» **Work to be completed**: Produce a verbatim copy of the following records, leaving out all pictures.

» **Information supplied**:
----------
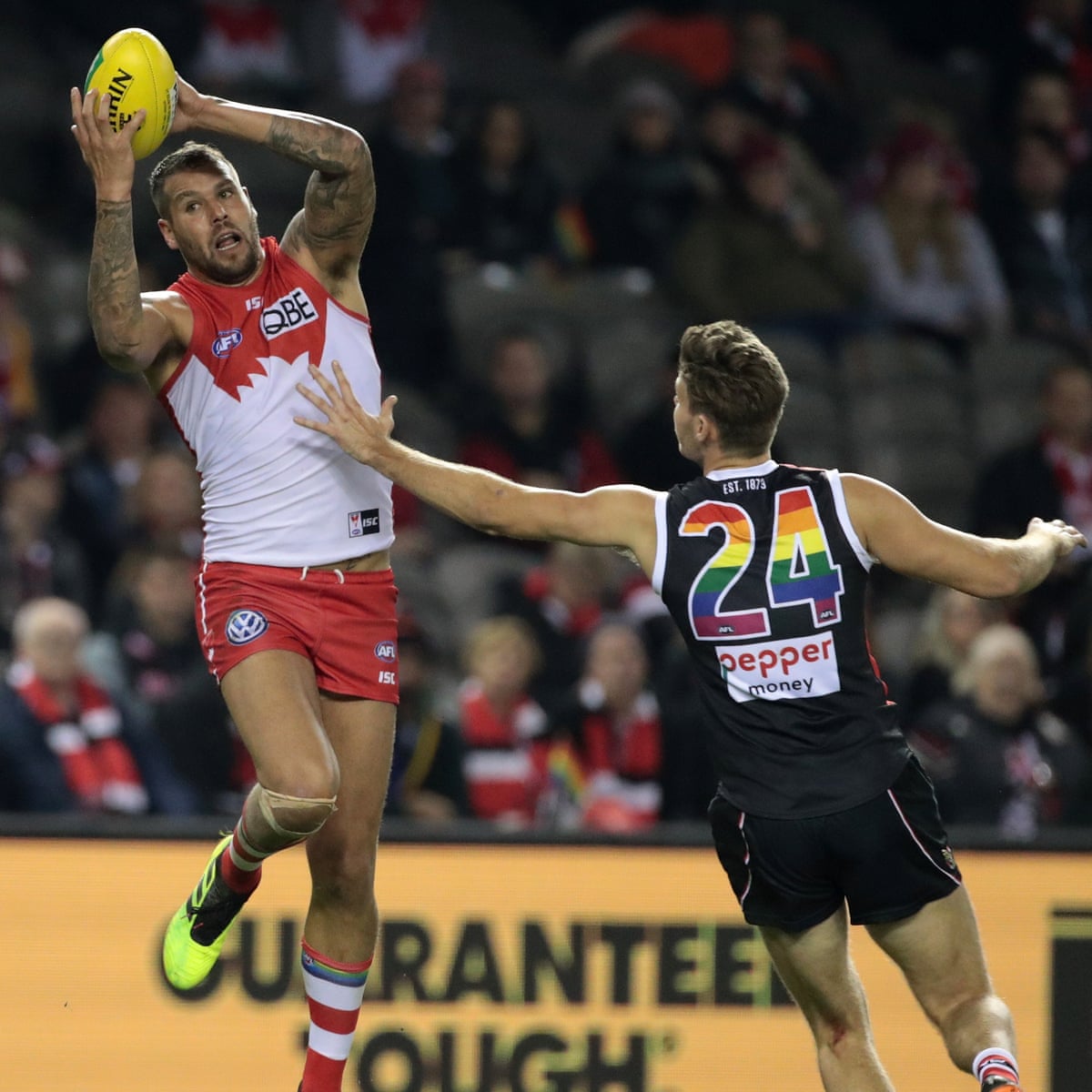 Pride Resides With Sydney As Nsw Afl Sides Score Big Wins Afl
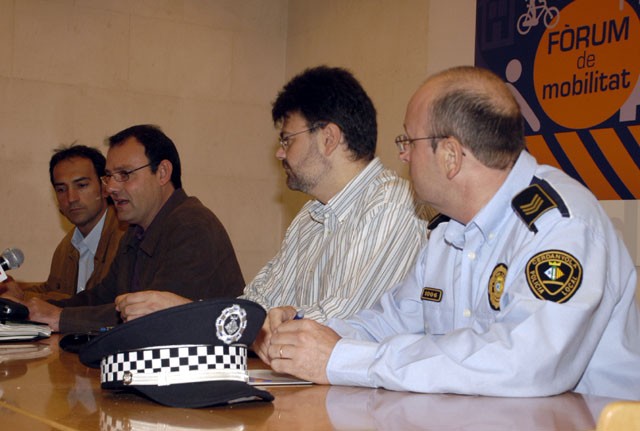 El II Fòrum de mobilitat debatrà sobre la complexa relació entre cotxe i ciutat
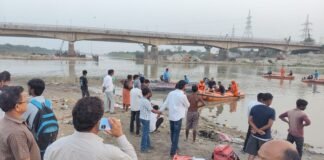 राप्ती नदी में नहाने गए तीन किशोर डूबे, तीनों के शव बरामद; सीएम योगी ने जताया गहरा दुख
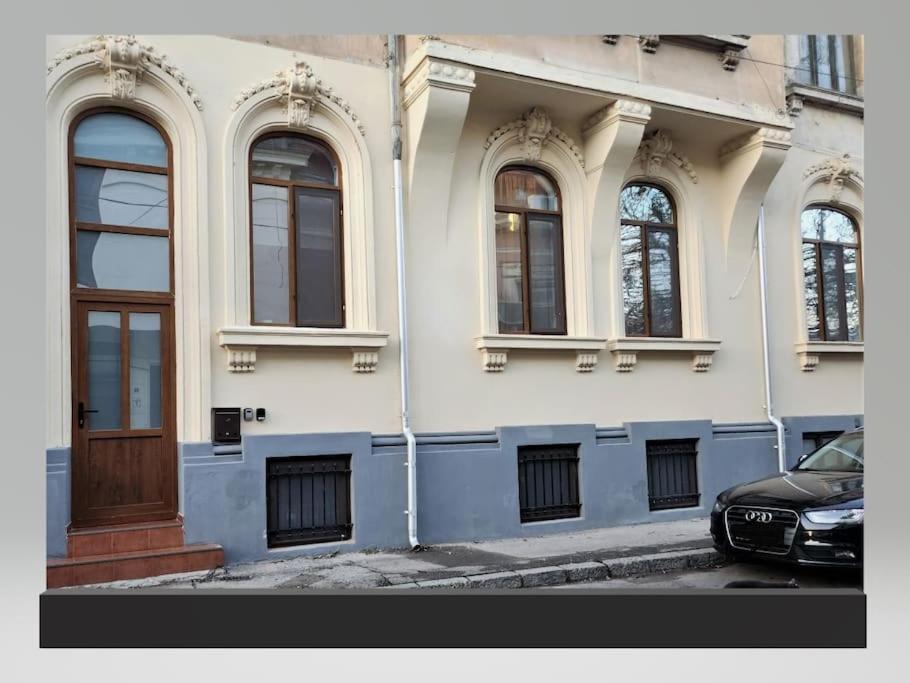 2Br Blue Cloud In The Centre Apartment Bucharest Exterior photo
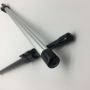aluminum flip lock tube extension golf simulator training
----------
» **Result for this exercise**:
 Pride Resides With Sydney As Nsw Afl Sides Score Big Wins Afl
 El II Fòrum de mobilitat debatrà sobre la complexa relació entre cotxe i ciutat
 राप्ती नदी में नहाने गए तीन किशोर डूबे, तीनों के शव बरामद; सीएम योगी ने जताया गहरा दुख
 2Br Blue Cloud In The Centre Apartment Bucharest Exterior photo
aluminum flip lock tube extension golf simulator training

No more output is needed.